- Your assignment
Omitting all images, transcribe the listing word for word.

(Data segment)

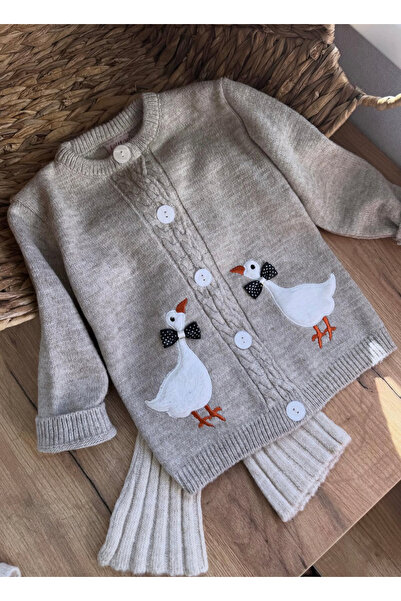 kokosh _ kidss burcu sapmaz Girl's Cape Duck Knitwear Jacket and Pants Set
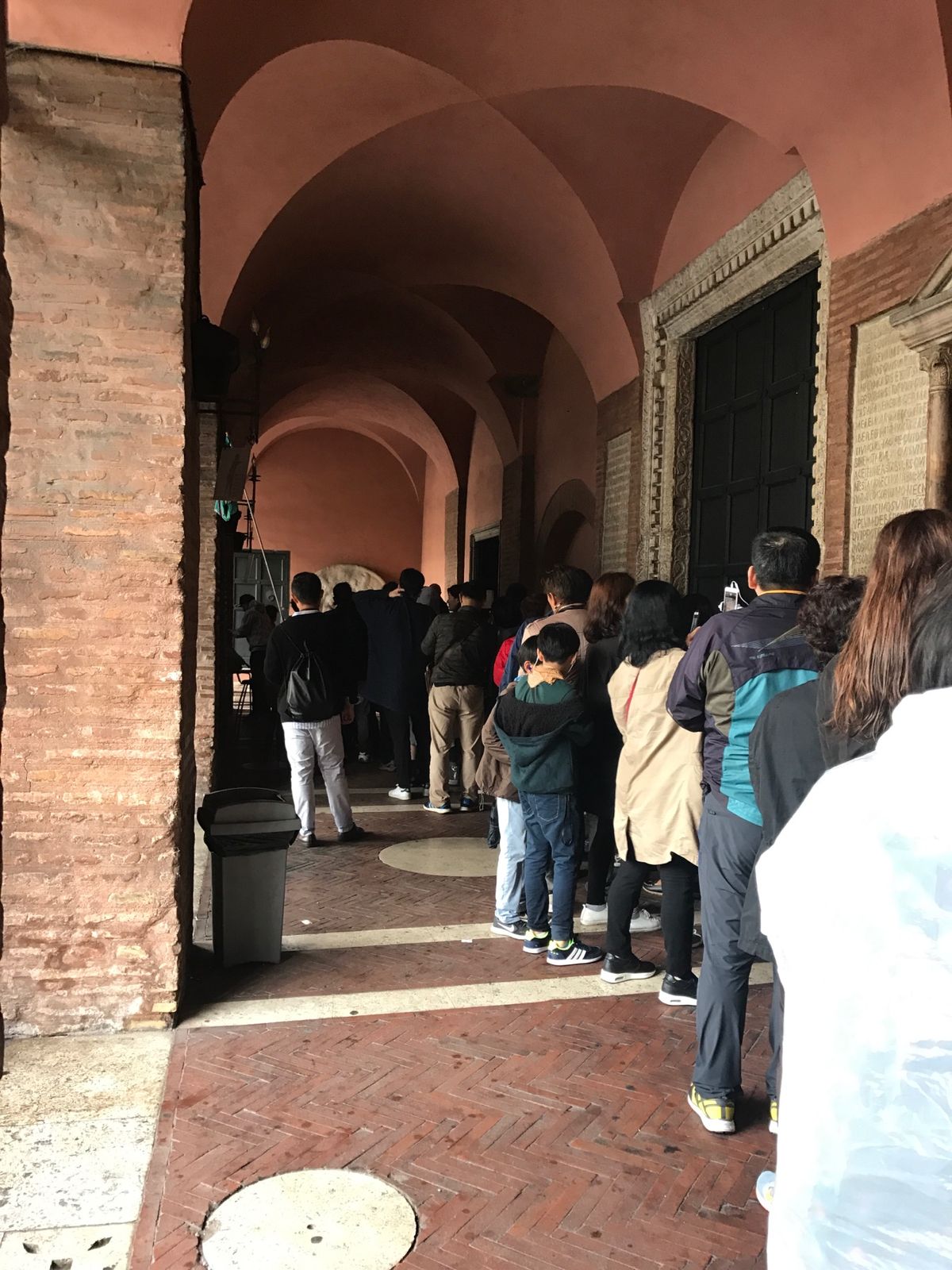 チルコ・マッシモ駅から歩く。
広大な遺跡は古代ローマの戦車競技場跡。
だい...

(End Data segment)

- Answer for this exercise
 kokosh _ kidss burcu sapmaz Girl's Cape Duck Knitwear Jacket and Pants Set
 チルコ・マッシモ駅から歩く。
広大な遺跡は古代ローマの戦車競技場跡。
だい...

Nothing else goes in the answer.